● **Assignment**
Starting with the line that holds "Tea Collection Navy" and stopping after the line that holds "Console Table HomeRoots", repeat the lines below word for word, without the pictures.

● **Data to process**

- - -

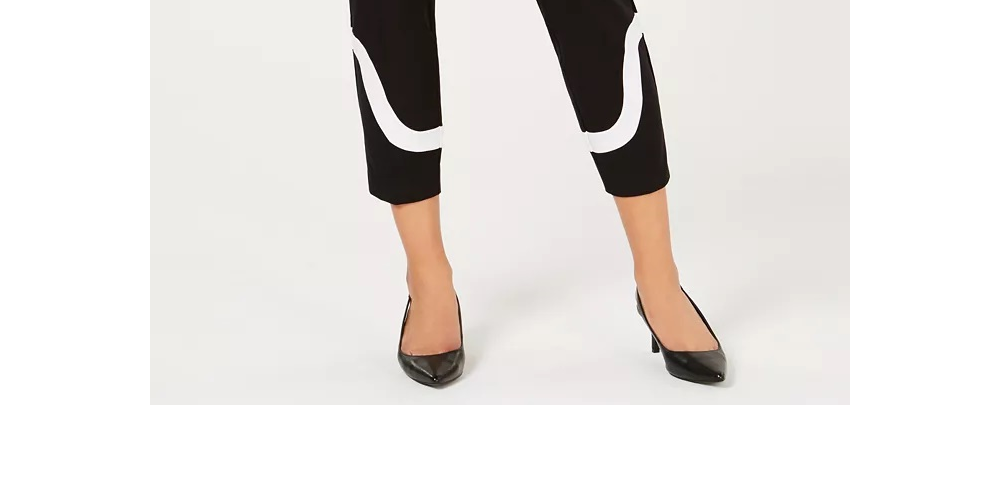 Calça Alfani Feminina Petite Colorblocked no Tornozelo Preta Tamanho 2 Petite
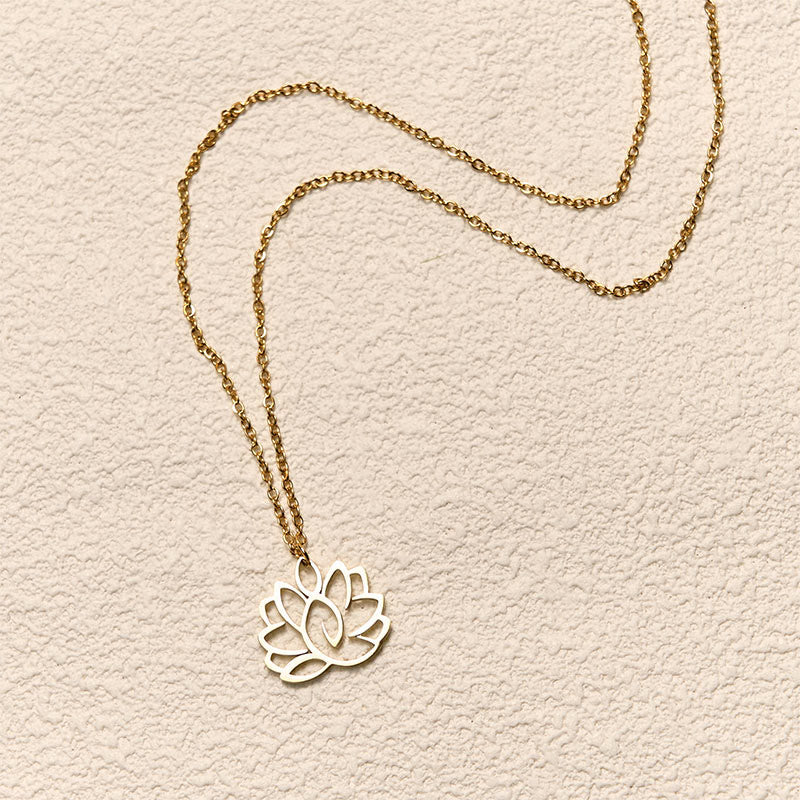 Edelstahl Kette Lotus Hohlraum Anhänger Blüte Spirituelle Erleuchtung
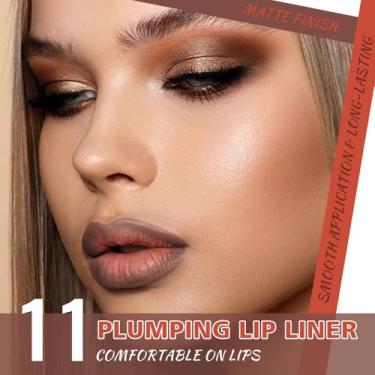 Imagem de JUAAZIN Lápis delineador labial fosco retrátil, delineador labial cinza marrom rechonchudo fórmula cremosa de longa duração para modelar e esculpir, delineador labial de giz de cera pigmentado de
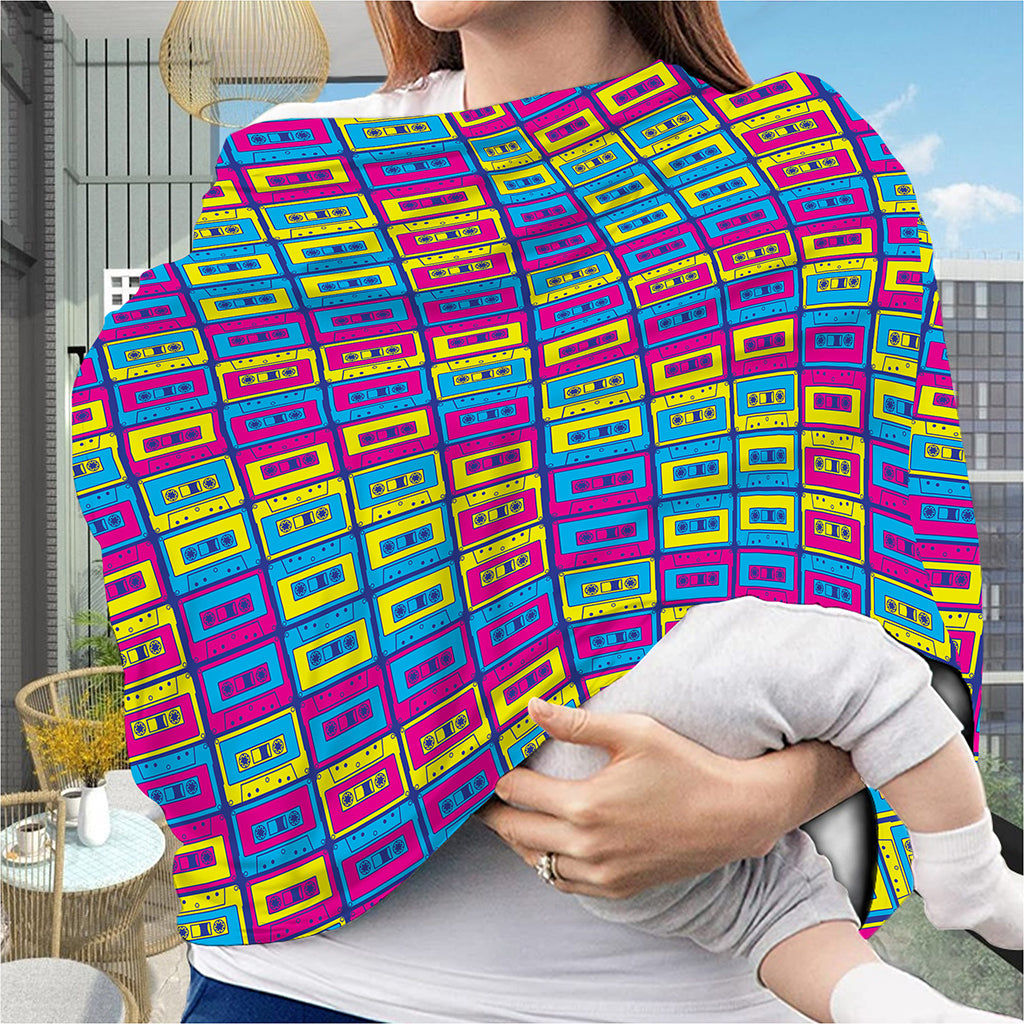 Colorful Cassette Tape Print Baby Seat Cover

- - -

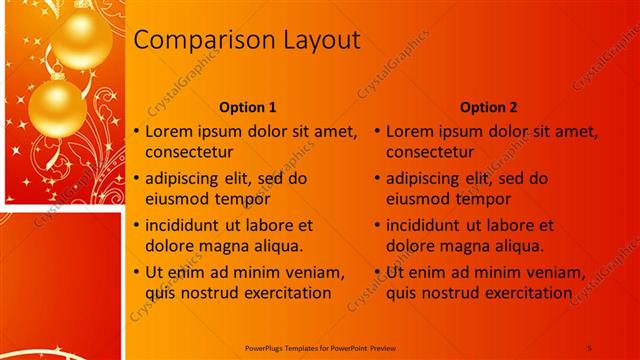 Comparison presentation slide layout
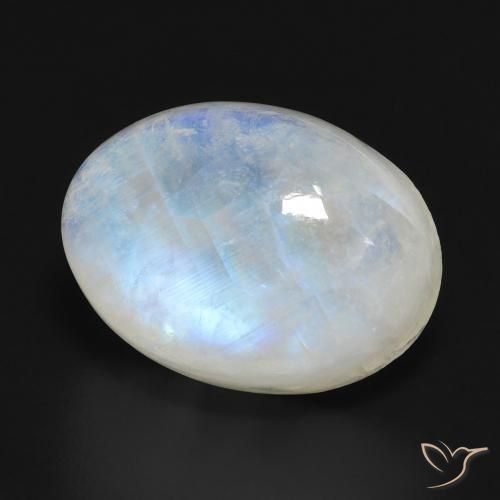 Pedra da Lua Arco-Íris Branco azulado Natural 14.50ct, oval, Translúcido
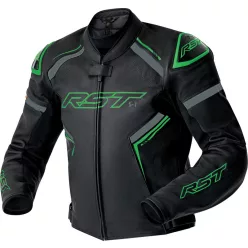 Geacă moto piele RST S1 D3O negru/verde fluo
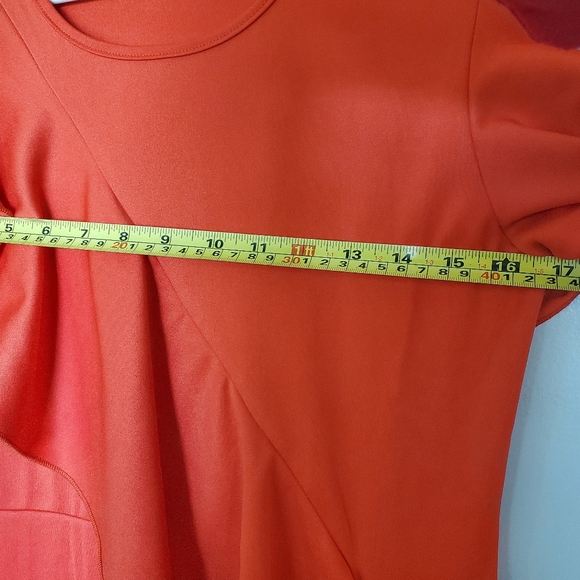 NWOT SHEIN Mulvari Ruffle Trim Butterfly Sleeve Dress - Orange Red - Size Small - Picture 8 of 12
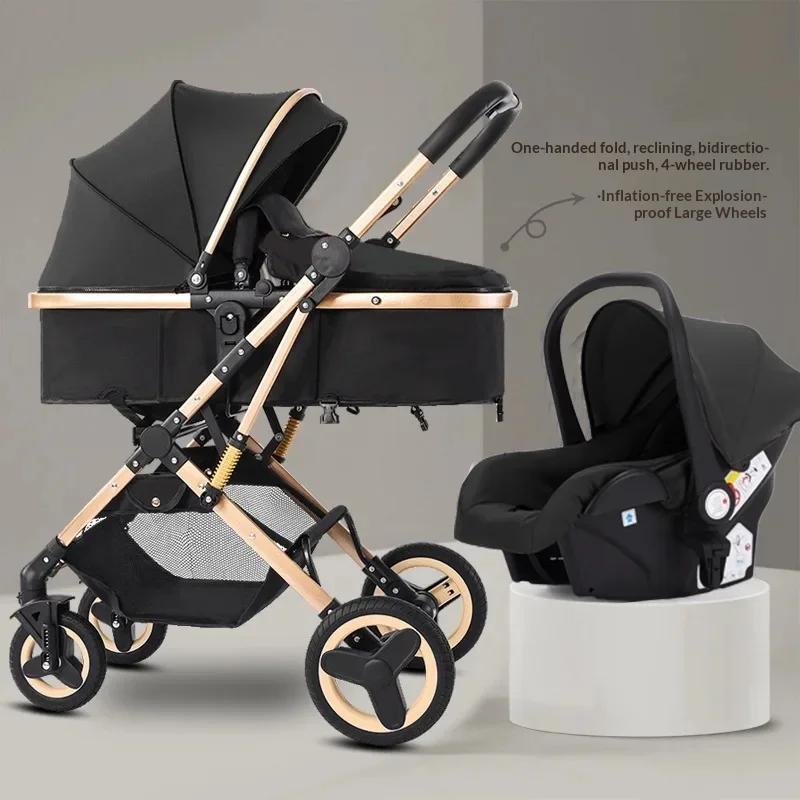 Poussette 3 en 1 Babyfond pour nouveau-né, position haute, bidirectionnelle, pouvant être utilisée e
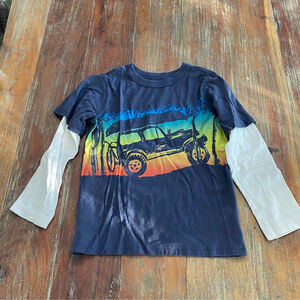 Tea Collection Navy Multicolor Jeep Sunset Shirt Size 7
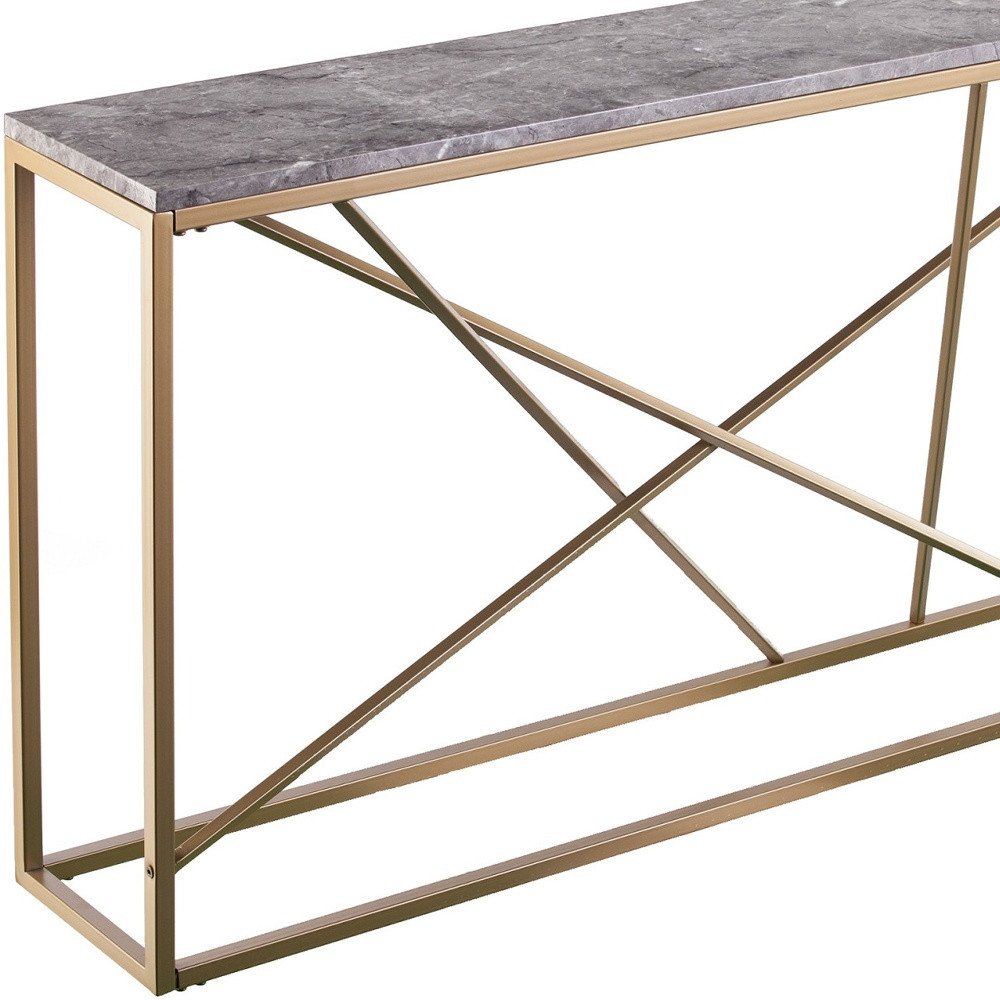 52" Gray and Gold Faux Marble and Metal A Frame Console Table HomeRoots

- - -

● **Task output**
 Tea Collection Navy Multicolor Jeep Sunset Shirt Size 7
 52" Gray and Gold Faux Marble and Metal A Frame Console Table HomeRoots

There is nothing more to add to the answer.